Hoje,
28 de janeiro, acordei mais cedo. Queria admirar minha amada enquanto ela ainda
dormia. Os primeiros raios de sol começam a invadir a nossa casa avisando que o
dia já está amanhecendo. Enquanto ela dorme, observo seu rosto delicado, ainda a
exibir aquela beleza que primeiro me fascinou, num outro 28 de janeiro, anos
atrás. Sempre me pareceu intrigante tê-la conhecido exatamente no dia do seu
aniversário, num encontro que tinha tudo para ser causal e, no entanto, há
quase uma década acordo, todos os dias, ao seu lado.
Naquele
dia eu era apenas um homem procurando a chave de uma porta. Não sabia que era o
seu aniversário, na verdade eu, recém chegado àquelas terras, não fazia ideia de
que ela existisse. Procurando uma chave, sem o saber, bati à porta de uma nova
história que nem imaginava que seria desenhada no futuro. Vê-la vindo em minha
direção, causou-me um agradável desconforto. Eu até poderia dizer que foi amor
à primeira vista, mas não foi, pois não se pode amar quem não se conhece. O que
senti foi fascínio: fiquei fascinado com a sua presença. Com o tempo, a
convivência fez do fascínio amizade; a amizade transformou-se em cuidado; o
cuidado virou amor; o amor virou projeto e propósito de envelhecer ao seu lado.

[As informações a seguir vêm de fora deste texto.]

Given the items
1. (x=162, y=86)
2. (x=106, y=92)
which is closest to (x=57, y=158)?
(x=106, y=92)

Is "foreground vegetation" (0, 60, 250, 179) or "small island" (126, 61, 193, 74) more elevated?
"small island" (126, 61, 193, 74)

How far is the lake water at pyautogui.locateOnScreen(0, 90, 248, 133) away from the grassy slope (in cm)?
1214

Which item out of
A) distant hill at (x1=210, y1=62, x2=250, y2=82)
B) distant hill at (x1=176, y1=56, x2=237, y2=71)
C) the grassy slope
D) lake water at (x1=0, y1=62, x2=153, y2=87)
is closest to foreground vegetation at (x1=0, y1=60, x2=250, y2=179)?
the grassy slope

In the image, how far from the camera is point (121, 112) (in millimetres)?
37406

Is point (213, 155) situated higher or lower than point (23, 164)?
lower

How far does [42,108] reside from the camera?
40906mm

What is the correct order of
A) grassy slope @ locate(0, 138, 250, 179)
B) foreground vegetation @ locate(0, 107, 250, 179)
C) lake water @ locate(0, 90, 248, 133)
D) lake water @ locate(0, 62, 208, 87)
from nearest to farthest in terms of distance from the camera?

Quanto tempo, em meus solillóquios,
relutei contra esse sentimento: calado, sigiloso, tentando enganar-me de sua
existência: era mais cômodo fingir que não existisse.
A
força avassaladora do amor é como uma enchente incontrolável, sempre segue seu
rumo e impõe o respeito do seu espaço. Parei de lutar contra mim mesmo. Aceitei
parar de lutar contra a correnteza. Uma decisão que provocou incompreensão,
afastamentos, preconceitos e reprovação. Quando se ama, não se fica preso ao
consenso público. Os anos que se seguiram foram particularmente difíceis.
Hoje,
acho muito divertido observá-la mudando de configuração em cada situação: às
vezes, uma menina travessa, quando brinca com as nossas crianças; às vezes, uma
adulta comprometida, responsável, quando está preocupada com o bem-estar e a
melhor vida que podemos dar a eles; às vezes uma esposa, mulher e cúmplice no
amor...
Hoje,
28 de janeiro, sei que o meu amor não é mais o mesmo dos primeiros anos.
Sinto-o mais real, mais concreto, menos idealizado, mais cúmplice, mais sereno.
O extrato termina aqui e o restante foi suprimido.